Referring now to FIG. 2A, a disc drill bit 201 in accordance with an embodiment of the present invention is shown. Disc drill bit 201 includes a bit body 203 having one or more journals 220, on which one or more discs 205 are rotatably mounted. Referring now to FIG. 2B, an enlarged view of disc drill bit 201 is shown. Disposed on at least one of discs 205 of disc drill bit 201 are a first radial row 207 of cutting elements and a second radial row 209 of cutting elements. First radial row 207 of cutting elements are located closer to an axis of rotation 202 of disc drill bit 201 than second radial row 209 of cutting elements. Thus, extending radially out from axis of rotation 202, first radial row 207 of cutting elements come before second radial row 207 of cutting elements. First radial row 207 of cutting elements and second radial row 209 of cutting elements act together to drill a borehole with a radius at which second radial row 209 of cutting elements extend from the axis of rotation of the disc drill bit. First radial row 207 of cutting elements penetrate into the earth formation to form the bottom of the borehole, and second radial row 209 of cutting elements shear away the earth formation to form the full diameter of the borehole. In this particular embodiment, each cutting element of second radial row 209 is configured into a single cutting structure 211 with a corresponding cutting element of first radial row 207. FIG. 7 shows a similar cutting structure to that of cutting structure 211. Cutting elements of first radial row 207 are arranged about the outside radius of discs 205 such that cutting elements of first radial row 207 are in a compressive configuration. Also, cutting elements of second radial row 209 are disposed on the face of discs 205 such that cutting elements of second radial row 209 are in a shearing configuration.
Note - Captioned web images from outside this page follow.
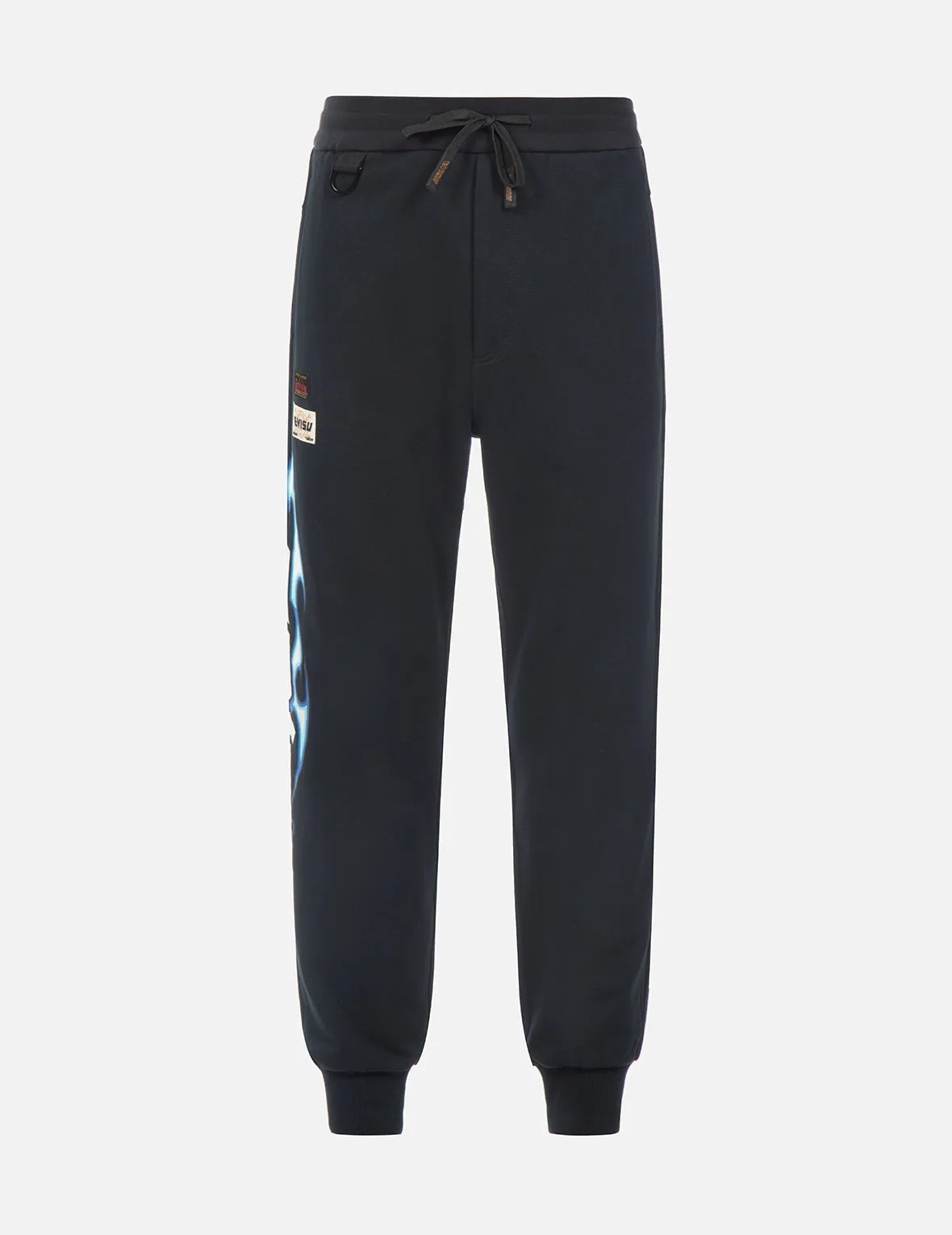 Flame Logo Print Sweatpants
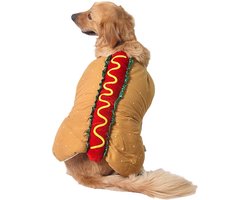 Grappige honden en katten kleding hotdog - Verstelbaar - Kostuum huisdieren - Hamburger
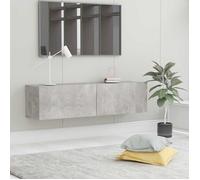 vidaXL Meuble TV Gris béton 120x30x30 cm Aggloméré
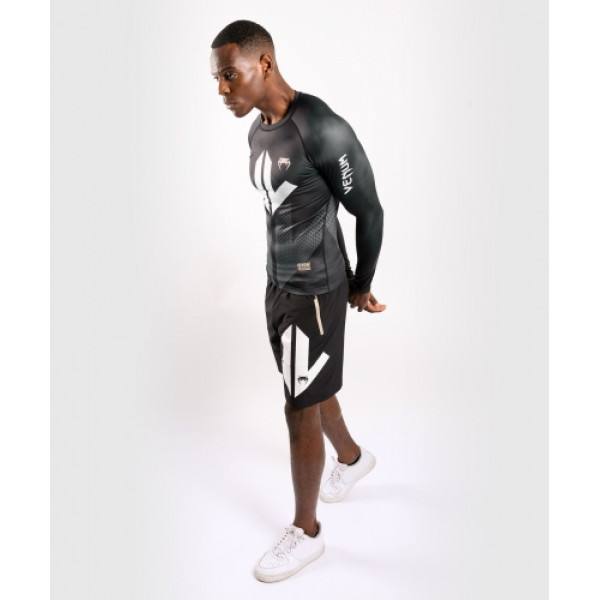 Рашгард Venum Loma Arrow Long Sleeves Rashguards Black White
In some embodiments, cutting elements of the first radial row are oriented in the compressive configuration may be comprised of tungsten carbide, PDC, or other superhard materials, and may be diamond coated. Cutting elements of the first radial row are designed to compress and penetrate the earth formation, and may be of conical or chisel shape. The second radial row cutting elements have PDC as the cutting faces, which contact the earth formation to cut out the borehole. Also, cutting elements of the second radial row are oriented to shear across the earth formation.

Because the cutting elements of the first radial row on the discs of the disc drill bit are in a compressive configuration, the cutting elements primarily generate failures by crushing the earth formation when drilling. Additionally, because the cutting elements of the first radial row are more suited to compressively load the earth formation, significant shearing of the earth formation by the cutting elements of the first radial row should be avoided. Too much shearing may prematurely wear and delaminate the cutting elements of the first radial row. To arrange the cutting elements of the first radial row in a compressive configuration, the cutting elements should be oriented on the disc drill bit to have little or no relative velocity at the point of contact with respect to borehole. If the cutting elements of the first radial row have no relative velocity with the point of contact of the borehole, the cutting elements will generate compression upon the earth formation with minimal shearing occurring across the borehole.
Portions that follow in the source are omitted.